§ **Data to use**

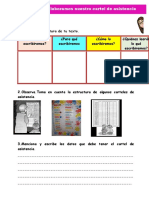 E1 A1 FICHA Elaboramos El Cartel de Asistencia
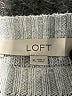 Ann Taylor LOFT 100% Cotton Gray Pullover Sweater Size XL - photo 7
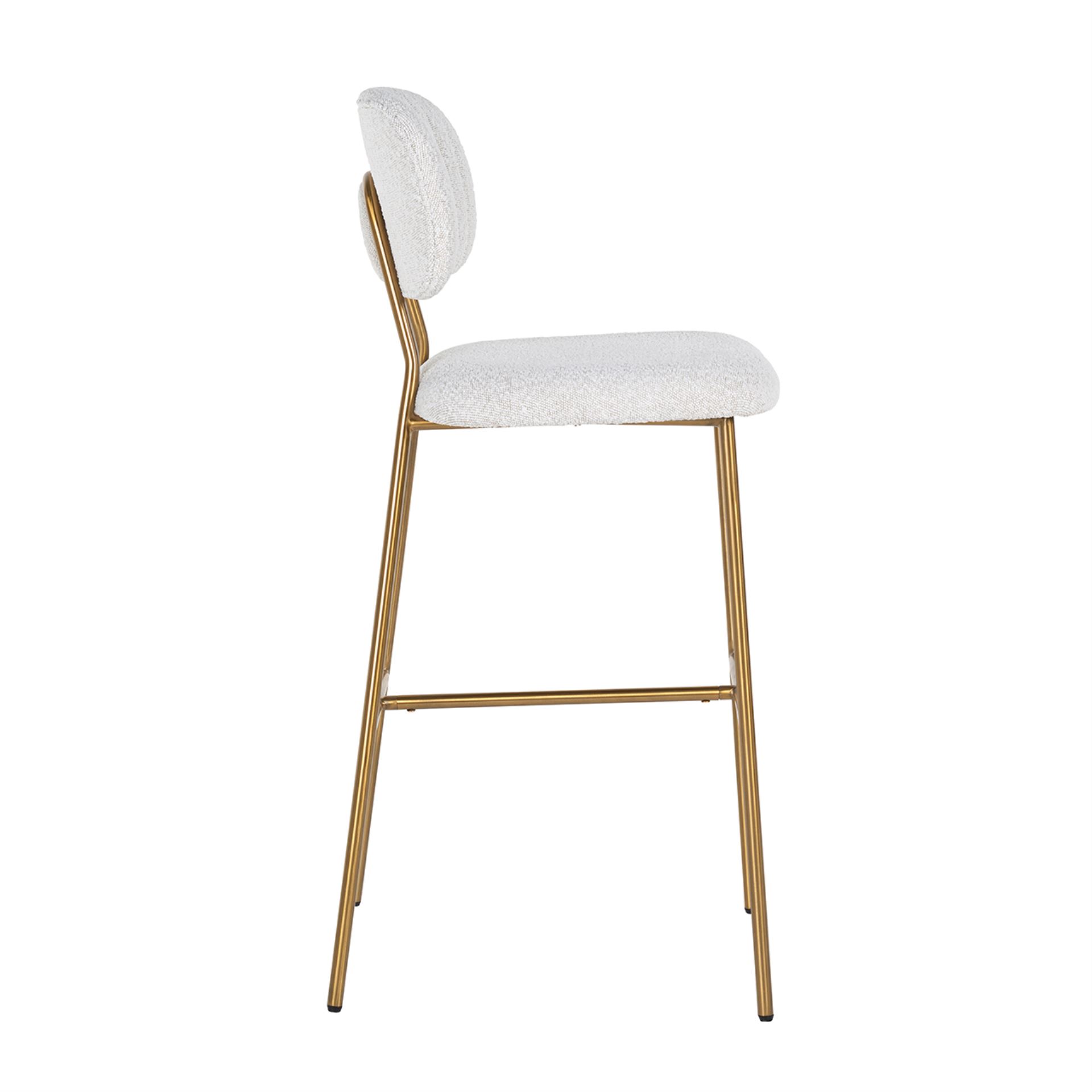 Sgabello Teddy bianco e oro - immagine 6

* * *

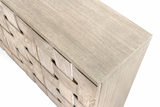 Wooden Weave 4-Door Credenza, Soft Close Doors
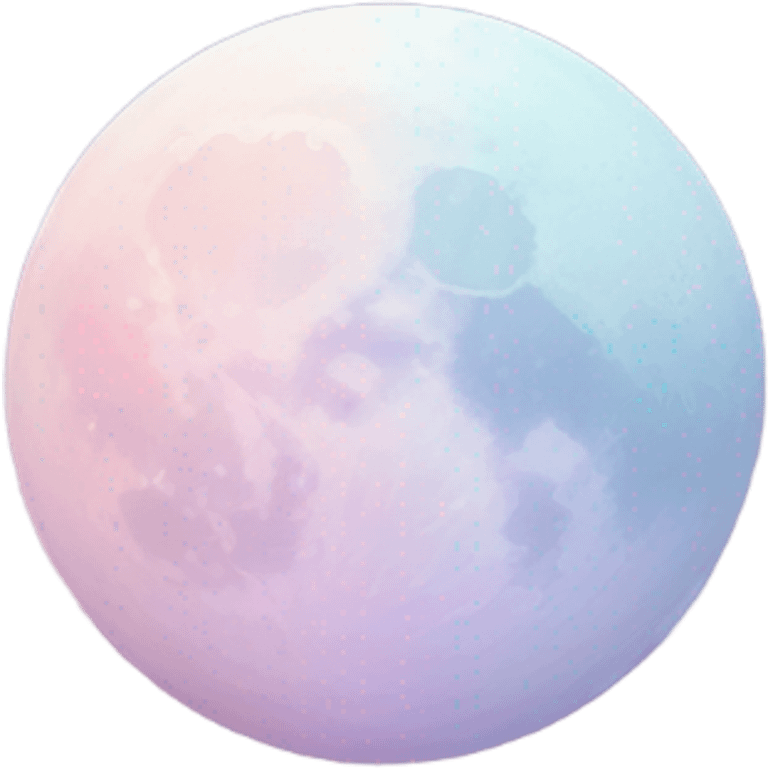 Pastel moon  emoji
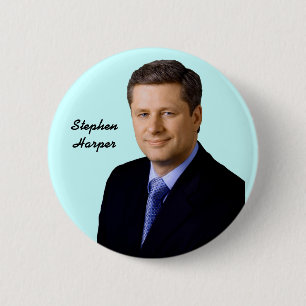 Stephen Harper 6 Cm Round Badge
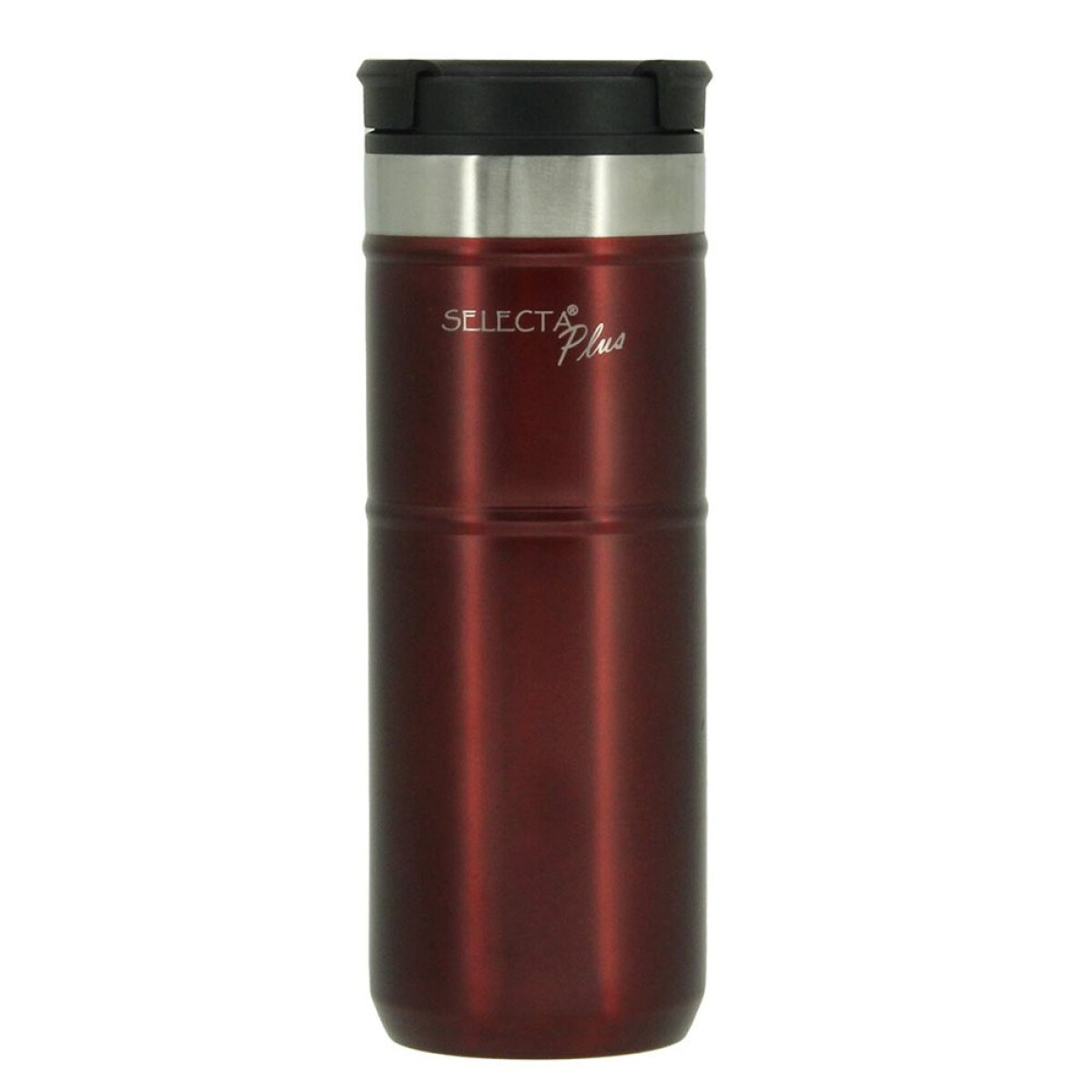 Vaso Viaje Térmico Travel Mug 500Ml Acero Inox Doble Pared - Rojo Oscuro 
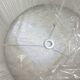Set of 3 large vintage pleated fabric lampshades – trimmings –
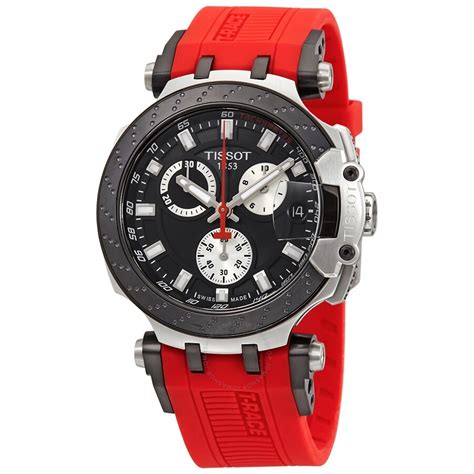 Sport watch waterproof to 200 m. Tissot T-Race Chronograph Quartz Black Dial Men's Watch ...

§ **What the task requires**
Above are some entries; copy exactly the lines from the line with "Ann Taylor LOFT" through the line with "Sgabello Teddy bianco e oro - immagine 6", both included, but none of the pictures.

§ **Solution for this exercise**
 Ann Taylor LOFT 100% Cotton Gray Pullover Sweater Size XL - photo 7
 Sgabello Teddy bianco e oro - immagine 6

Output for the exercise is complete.